Lastly, Fig. 19 depicts the situation where the influence of the droplets was switched off. It should be noted that, in this situation, the droplets do not affect the surface temperature. Therefore, a higher concentration of the heat flux and current density has accumulated on the melting front. The maximum temperature is slightly above the boiling temperature.

5 Discussion

The present work shows qualitatively that the current density and heat flux distribution are highly dependent on the weld pool surface temperature. This temperature is also strongly influenced by the droplets. The arc-cathode attachment therefore changes considerably depending on the droplet temperature, especially if it is hotter than the temperature of maximum heat flux of the EDACC model. Also, in a situation as is for example present in a pulsed process, where the droplet influence is periodical, the shape of the cathode attachment is varied accordingly (compare Fig. 13 with Fig. 19 (top)).

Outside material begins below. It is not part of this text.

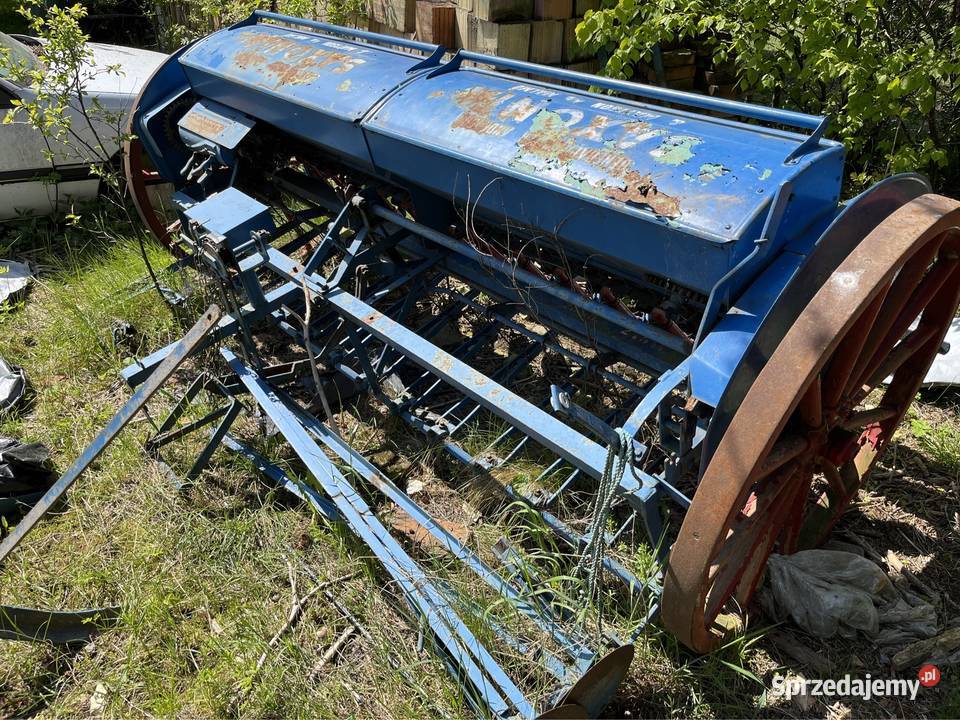 Siewnik zabytek drewniane koła nieuszkodzony Łomża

The conditions present in Figs. 13, 14, and 15 show that in the case of the EDACC model, the temperature at the position of the droplet impingement is lower than the weld pool surface temperature outside of that position. This leads to a higher concentration of current density at this position and therefore a stronger Lorentz force driving the melt downwards to the bottom of the melt pool. So, while the temperature is colder, more heat can be transported downwards (as can be seen from Fig. 14).

The results of the present work also show that the welding speed has an influence on how much heating power can be generated in the cathode layer, by influencing the surface temperature field as can be seen by comparison between Fig. 13 (left) and Fig. 16 (left).

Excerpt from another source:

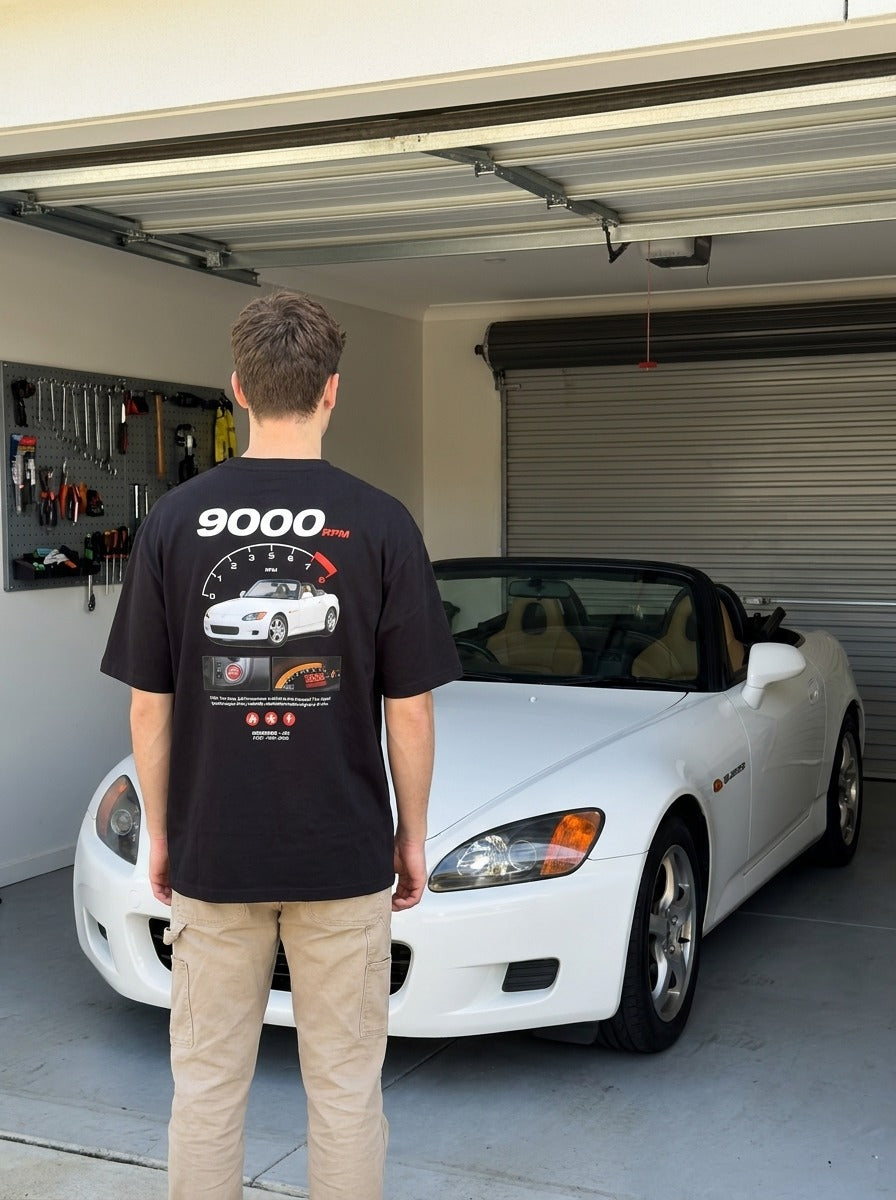 T-shirt oversize S2000 9000 RPM noir porté de dos devant la voiture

In situations where the weld pool is very shallow, the difference of using either one distribution for heat flux or current density becomes less pronounced, see Figs. 16, 17, and 18, left and right respectively.

Finally, it should be stated that due to the EDACC model, the heat flux interacts with the weld pool surface temperature; the tendency of the Rykalin-Rosenthal approach to overheat the center region of the heat source is strongly avoided, and therefore, also the temperature gradients on the top surface are strongly reduced. The diminishing of the gradients leads to a strong decrease in the Marangoni effect, which is usually assumed as a strong driver for weld pool flows.

Since this study was performed without the consideration of the processes in the GMAW plasma arc column as well as the free surface, the presented results cannot be used to derive quantitative statements.

6 Conclusion

In this work, the effects of a new model for evaporation-determined arc-cathode coupling (EDACC) were investigated. The model determines the heat flux and current density distribution from physical principles and has the main advantage over the currently widely used Rykalin-Rosenthal distribution in that it does not lead to strong overheating of the weld pool surface at the center of the heat source. Another feature is that it is not an axisymmetric distribution in contrast with Rykalin-Rosenthal. The present investigation tries to determine how much the assumption of an axisymmetric heat source influences the results and how far a more realistic model needs to be applied in GMAW process simulation. As axial symmetry can be fairly assumed by the anode, i.e., the wire electrode at the formation of the droplet, but not at the cathode, i.e., the weld pool, the break of symmetry leads to the conclusion that the droplet and the weld pool need to be considered simultaneously to fully account for the complete dynamic of the process. Also, the melt flows are different, and some effects that have been explained by surface tension (like e.g., the Marangoni effect) could be explained by the more accurate modeling of the arc-cathode coupling.

Also, it shows that the areas of maximum heat flux and current density do not coincide with the location of the maximum surface temperature, and therefore, the statements derived from this assumption should be called into question.

Lastly, as an outlook, it is planned to extend the model to allow the consideration of a pulsed process, as well as a free surface.